S&P 500 holds near record as jobs numbers come in

U.S. stocks remained at record highs on Friday as investors eyed the June jobs report, which will play a role in calculating interest rate cuts by the Federal Reserve.

The S&P 500 (^GSPC) was little changed following the report, after posting a record close in a shortened session on Wednesday. The Dow Jones Industrial Average (^DJI) and the tech-heavy Nasdaq Composite (^IXIC) were also hovering above the flatline. All three gauges were closed on Thursday in observance of the July 4 holiday.

The U.S. economy added 206,000 jobs in June, more than the 190,000 Wall Street had expected. But the unemployment rate unexpectedly rose slightly to 4.1%, the highest level since November 2021, in another sign that the labor market continues to cool.

Signs of looser conditions in labor data earlier this week bolstered the view that inflation will continue to ease, giving the Fed a chance to cut interest rates from their current two-decade highs. Traders are now pricing in a nearly 75% chance of a cut in September, according to CME’s FedWatch tool.

Investors are agonizing over Friday’s employment numbers, wondering whether the slowing monthly job growth is a sign of a normalizing labor market now that the pandemic is behind us, or the first signs of a broader economic slowdown.

Elsewhere, the Labour Party’s landslide victory in the UK general election has caught the attention of investors monitoring political risk, particularly as the US presidential election approaches. With some major donors urging President Joe Biden to step aside, all eyes are on Donald Trump’s growing lead in the polls and what that could mean for markets.

On the business front, Samsung Electronics (005930.KS) saw its quarterly profit rise to 15 times its year-ago level, pushing the stock to its highest level in three years, helped by the AI ​​boom.

Crypto-linked stocks Coinbase Global (COIN) and Marathon Digital (MARA) lost about 6% in morning trading as bitcoin (BTC-USD) fell to its lowest level against the dollar since February.

Live2 updates

  • Pressure is mounting on the Fed to take action

    It’s clear what Friday’s jobs report will bring: The Federal Reserve is at risk of falling behind.

    This means that the central bank may be cutting rates too late, just as many believe the 2022 rate hike was too slow.

    With the unemployment rate at its highest level since November 2021, other data, such as a rise in continuing jobless claims and a decline in job openings, appear to provide a clear signal that job growth overstates the strength of the labor market.

    Inflation numbers continue to slow toward the Fed’s 2% target, although that progress appeared to stall in the first months of the year.

    The Powell Fed’s sensitivity to inflation rates that rise above its target after the 40-year high in price increases we saw in 2022 is the dominant feature of this policy regime.
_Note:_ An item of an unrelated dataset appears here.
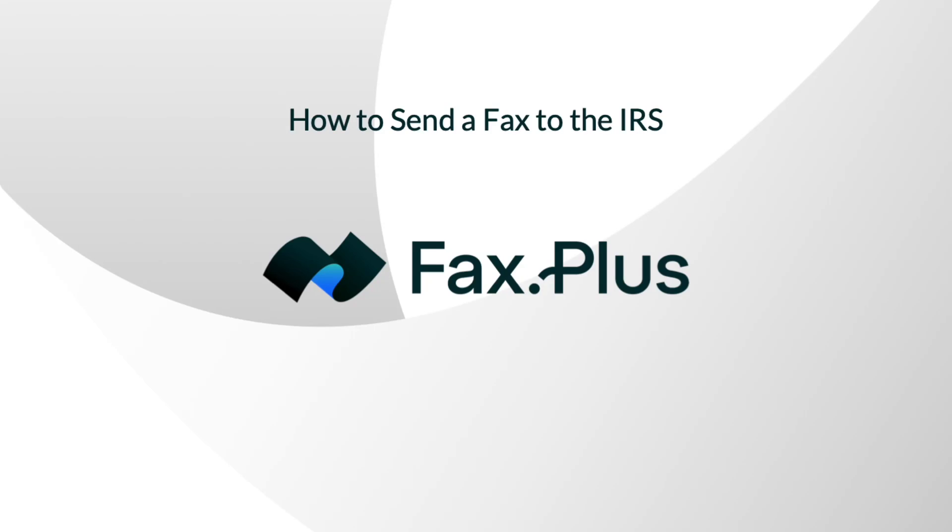Today, I'll walk you through the process of sending a fax to the IRS using FaxPlus, whether it be with your computer or your mobile device.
But the labor market is starting to speak louder and clearer: Things are getting tougher for more workers.

    Neil Dutta of Renaissance Macro, who has become the leading voice on Wall Street saying the Fed needs to be more forceful in cutting rates this fall, wrote in a note minutes after Friday’s report came out: “Today’s employment report should confirm expectations of a September rate cut. Economic conditions are cooling and that is changing the tradeoffs for the Fed.”

    According to Dutta, the Fed’s July meeting should provide the impetus for a rate cut in September.

  • Job growth outpaces, but unemployment rate rises to highest level since 2021

    The U.S. labor market added more jobs than expected in June, while the unemployment rate unexpectedly rose to its highest level since November 2021, in another sign that the labor market continues to cool.

    Figures released Friday by the U.S. Bureau of Labor Statistics showed that the U.S. economy added 206,000 nonfarm jobs in June, more than the 190,000 economists had expected.

    The unemployment rate rose to 4.1%, up from 4% the previous month and the highest reading in nearly three years. June’s job gains were a slight decline from May, when job gains were revised up on Friday to 218,000 from the 272,000 initially reported last month.

    Stock futures rose after the report, extending gains after the market hit record highs earlier this week amid a series of weaker-than-expected economic data, including inflation figures that suggest the U.S. is back on a “disinflationary path,” Federal Reserve Chairman Jerome Powell said.